Acquiring and complying with international certifications would go a long way towards solving some of these problems because it would force authorities to ensure that maritime activities meet the highest international standards.

But the opposite seems to be happening. Instead of ensuring compliance and making the maritime business more competitive, and therefore more profitable, some ministries have been dismantling the few mechanisms that were put in place to ensure some sort of collaboration between public and private sectors.

The National Trade and Transport Facilitation Committee (NTTFC), for example, was one such body that was “highly effective in facilitating trade”, in the words of Abdul Rasheed Janmohammed, president of the Bin Qasim Association of Trade and Industry (BQATI). But the commerce ministry suddenly pulled the plug on it, without warning or an explanation, “depriving the business community of essential sea trade”.

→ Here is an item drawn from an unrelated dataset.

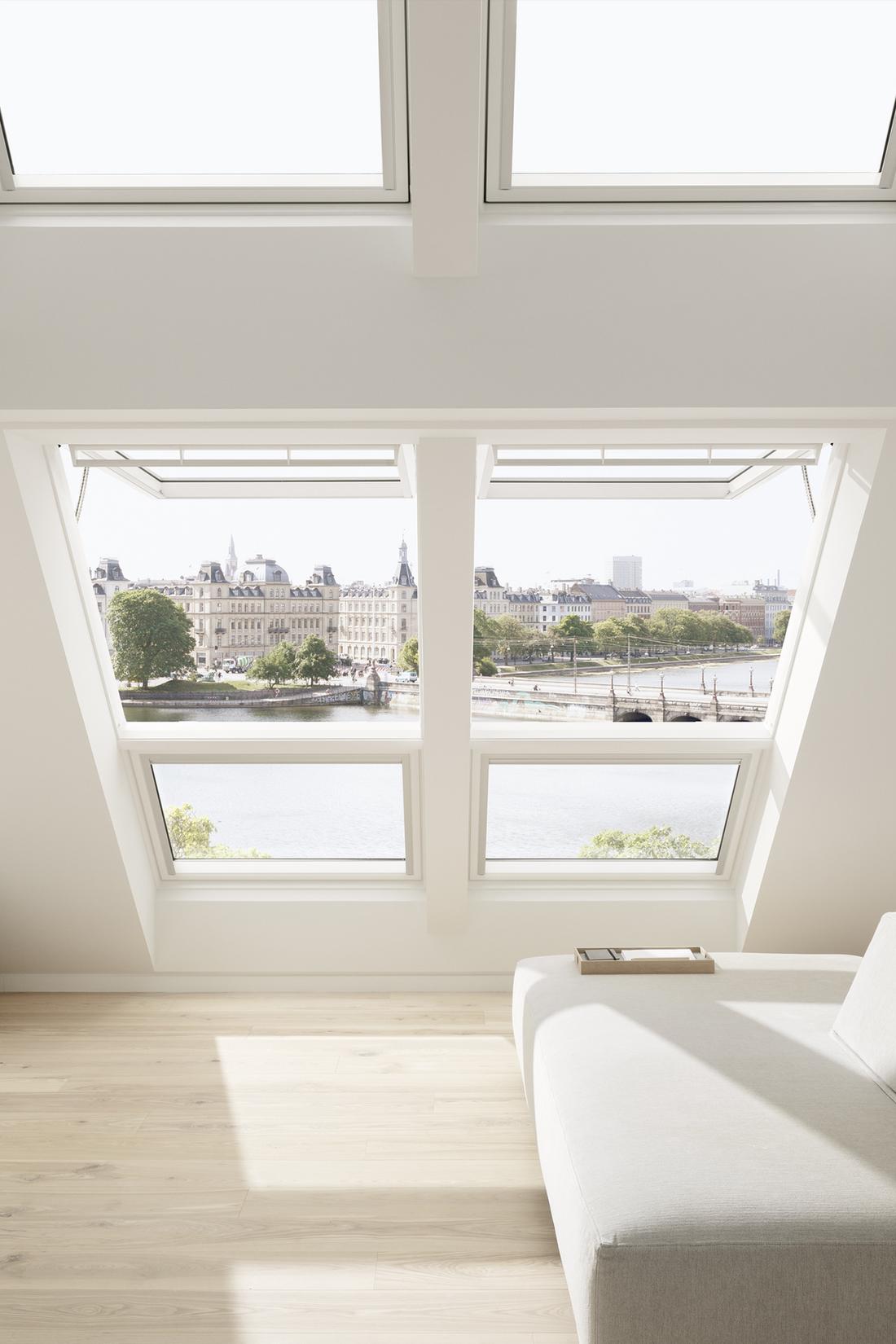 Fantastisch, panoramisch uitzicht met kiepramen voor schuine daken.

It turns out that this – along with many others – was not just a bad business decision that hurt trade, which is ironic since the commerce ministry exists to promote commerce, but it also triggered deeper macroeconomic imbalances by putting downward pressure on employment and consumption statistics.

The blue economy, which concerns everything related to the maritime sector, has deep linkages in the larger chain that holds the real economy together, that is why countries blessed with natural ports go out of their way to protect and encourage sea trade.

But not this one. We remain a country with no less than three ports that cannot live up to their potential only because of the government’s own policies, or lack thereof. Therefore, the ministries of finance, maritime affairs and shipping and ports have a lot of questions to answer. Why have these issues gone unaddressed so long? Why have we deliberately reduced our natural competitive advantage in such a crucial sector?

We are repeatedly told that these are times of a historic transformation in the economy. The brush with default has finally highlighted the urgency and inevitability of reforms. We will have to expand our revenue base, one way or the other, because the borrow-to-survive cycle has run its course. But the low priority accorded to the maritime sector makes one wonder if the government is really sniffing around for sectors where reforms would yield high returns.

Now that the maritime sector has done what it could to put its concerns across, it can only be hoped that things will start moving in the right direction in relevant ministries.

All politicians have done to the state’s assets, and its enterprises, so far is hardly worth writing home about. This time they said they understood the gravity of the fiscal emergency and promised to do whatever it took to turn the economy around. Reforming the maritime sector is one such opportunity. And they are still letting it go waste.